As smooth and low-key as Ante is frantic and grandiose, Javier arrives on a launch from his supersized yacht with a sprawling entourage. The dashing subject of magazine covers (“The Ruthless Icon,” one headline blares), he carries himself with the worldly, subdued confidence of a true alpha, but isn’t above a passive-aggressive dig or two to put Ante in his place. The ambivalent nature of the two men’s friendship is complicated by the onetime romantic connection between Javier and Nela, a spark that Julija encourages even as she flirts with him herself.
In different ways, Javier becomes a figure of potential rescue for Julija as well as Ante. With his encouraging talk of Harvard and life beyond the island, he begins to look like a savior to the inexperienced teen. A brief scene in which the visiting tycoon and the young woman walk across a rocky stretch of island recalls Antonioni’s L’Avventura. It’s a flickering allusion, but an affecting one.
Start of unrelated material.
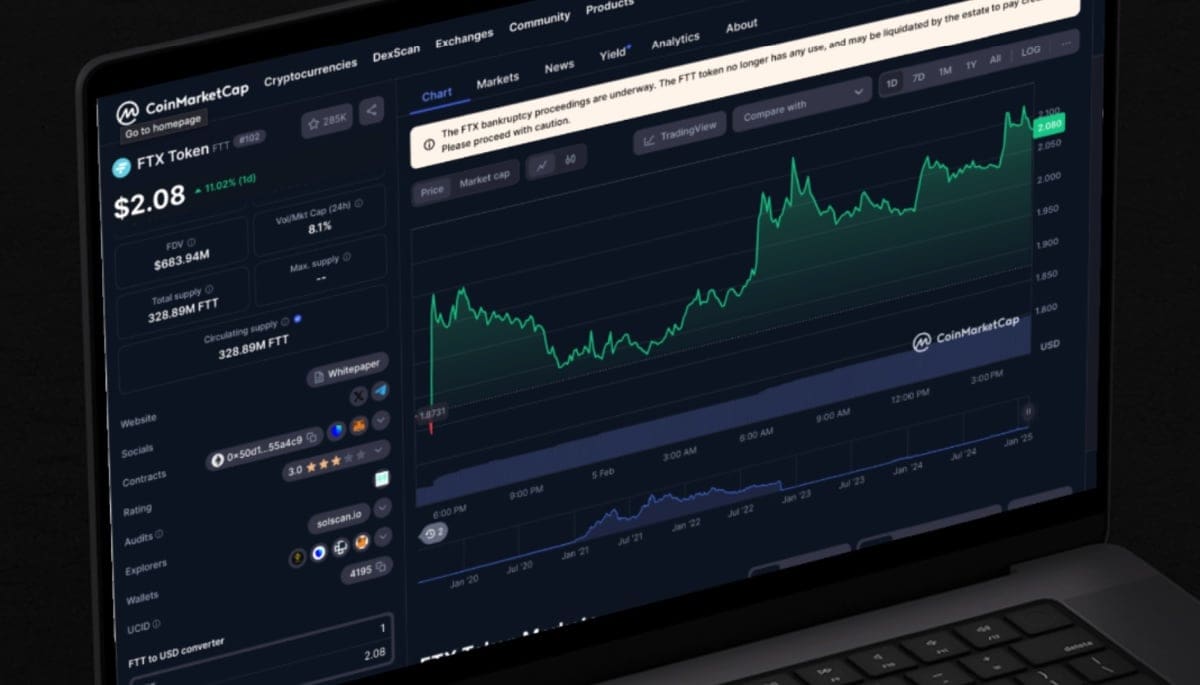 ftx-token-stijgt-crypto-radar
Kusijanovic has made a film of plain-spoken poetry, rooted in the physical world rather than in a free-floating mood of existential despair, but the cinematic reference underscores the feeling of looming disaster in Murina, just as the judiciously used music by Evgueni and Sacha Galperine pulses with foreboding as well as a sense of mystery and wonder in the watery depths.
The water is Julija’s element, and she moves between land and sea so frequently that she’s often clad in just a bathing suit — “naked,” according to a couple of judgmental adults clinging to old-school notions. Watching the revelers, a few years her senior, on a yacht docked nearby, Julija sees the promise of freedom and sex, prospects that grow especially charged as her story becomes one of an imprisoned princess in a remote stone house.
Kusijanovic’s lifelong familiarity with the Croatian island setting informs every aspect of the film, as do Filipović’s abilities as a professional swimmer, particularly in the movie’s gut-churning climax and a scene that extends beyond the closing credits. Capturing the sea’s sensuousness and danger, the land’s desolation, and the characters’ intense interplay, the camerawork is astute. Zoran Mikinčić-Budin handles the underwater cinematography, while ace DP Hélène Louvart adds another indelible story about female experience to her credits, after such recent gems as The Lost Daughter, Never Rarely Sometimes Always and Invisible Life.
Murina is a notable debut for a gifted director, its profile enhanced by the involvement of Martin Scorsese as an executive producer and the Camera d’Or trophy for best first feature at Cannes in 2021. The straightforward dialogue is a key strength of Kusijanović and Frank Graziano’s screenplay. In a story this well told and acted, there’s tremendous power when people say what they mean.
The pointed comment of a minor character near the beginning of the film might, in lesser hands, lie flat: an obvious statement of theme. But here it’s alive with the untold stories of generations of women, and a tantalizing hint of the struggles to come in Julija’s clash with Ante. As they prepare for the big dinner to welcome Javier, the older housekeeper who cleans the speared murina (moray eel) says, “Look how she bit her own flesh to set herself free.” Freedom has its price in this riveting drama, but as the characters fixate on life-changing what-ifs, troubled waters make way for astounding realities.